Sine coating can be formed according to the invention by repeated application of a solution until the desired thickness and surface loading is achieved with the catalyst - while ensuring a satisfactory adhesion of the coating.

Each dried layer of the applied solution gives a mixture of uniform, co-precipitated very finely divided catalyst precursor and the organic precursor for the polymer matrix. "

The heat treatment of this Kopräaipitats then advantageously takes place in at least two stages at different temperatures in air - preferably with a first stage at low temperatures in the range up to about 300 ⁰ C before the next application of the solution and, after applying the last layer, with a second stage at higher temperatures up to about 400 and at most 600 ⁰ G,

The temperature, duration and atmosphere in which the heat treatment takes place should be controlled in such a way that the highest possible degree of thermal activation is achieved

_ 8th - . 60 673 11

27/10/82

Crosslinking and cyclization of the organic precursor for the polymer is ensured to transition into a substantially continuous, semiconductive, insoluble polymeric ETetz structure, while preventing thermal degradation of the structure of the organic polymer or charring of the polymer.

These heat treatment conditions must be selected to simultaneously allow the precipitated catalyst precursor compound to be converted to a finely divided catalyst which is evenly distributed and fully integrated within the hettructure of the semiconducting polymer forming a substantially continuous matrix.

This, heat treatment in air can z. B. in a limited temperature range between 250 and 300 ⁰ C, while a subsequent stage in air at higher temperatures in the range between 300 and 400 ⁰ C or more, z. B, at 500 ⁰ C and in certain cases at 600 ⁰ G, takes place.

The _; Duration, the heat treatment in air can be between 5 min and 2 h, depending on the amount of the organic polymer »

After Wäxme treatment at reduced temperatures in air may optionally include a heat treatment in a non-oxidizing or inert protective gas atmosphere such as argon or nitrogen, possibly at higher temperatures up to 900 ⁰ G, with a duration take place, which may be for example between 15 min and 6 h ·

? Q 9 -9- 60 673 11

I. 3 <?. 27/10/82

It has been found experimentally that the coatings thus obtained are semiconductive after the heat treatment.

Embodiment .

The following examples serve to illustrate the preparation according to the invention and the use of electrocatalytic coatings for hydrogen evolution,

Example I

A poly-p-phenylene (PPP) and Pt-containing activation solution (? 61) was prepared by dissolving 100 mg PPP and 50 mg PtCl in 4 ml dimethylformamide (DMP) and 25 / μl HGl. ^ ^; After stirring for 24 hours at room temperature, a homogeneous solution was obtained. The poly-p-phenylene and platinum concentration per g of the solution thus obtained was 25.2 mg / g PPP and 7.2 mg / g Pt, respectively.

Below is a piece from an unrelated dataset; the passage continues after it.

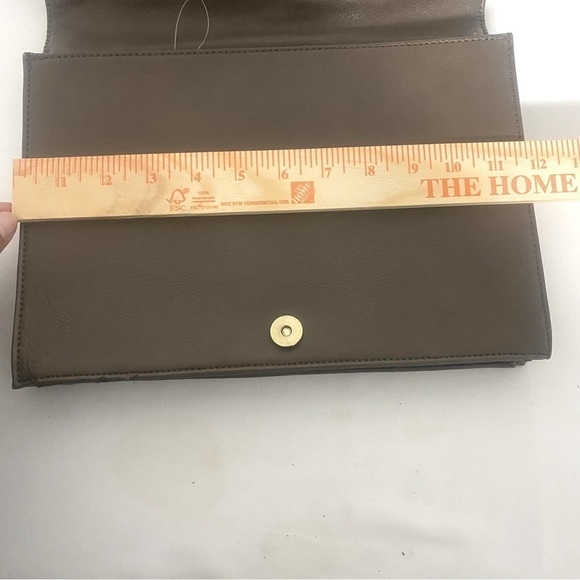 New York & Co Faux Leather Large Brown Clutch, Credit Card Slots & Can Hold IPad - Picture 8 of 12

This solution was applied on a sandblasted and 8 hours etched in oxalic acid titanium sheet Stoal so that 9 layers were applied, which was dried at 100 ⁰ C and then minutes subjected at 250 ⁰ G to a heat treatment 7, each 5 min. After the heat treatment of the last layer at 250 ⁰ G, an additional heat treatment was carried out by heating to 650 ⁰ G at a heating rate of 200 ° C / h in an argon atmosphere, wherein the coated sheet for 1.5 h at 650 ⁰ C was held.

The poly-p-phenylene and platinum loading corresponded to 2.8 g / m ² PPP or 0.8 g / m ² Pt.

- ¹⁰ - 60 673 11

27/10/82

The resulting electrode is tested as a hydrogen generating cathode at 4500 A / m ² in 135 g / l UaOH at 90 ⁰ G. It was operated under these conditions for 3800 hours without changing the original potential of 1.35 V based on Hg / HgO. No hydride formation was found.

Example II

A solution (P61) was prepared as described in Example I. The substrate for the coating in this pail was a titanium mesh which had been pretreated as described in Example I.

The pretreated titanium mesh ten layers of the solution were applied, each layer being dried for 5 minutes at 100 ⁰ C and then in air at 250 ⁰ G 10 was heat-treated min,! Times the heat treatment of the last layer was carried out for 15 minutes an additional heat treatment at 400 ⁰ C in air and then for 20 minutes a last heat treatment at 500 ⁰ C, also in air.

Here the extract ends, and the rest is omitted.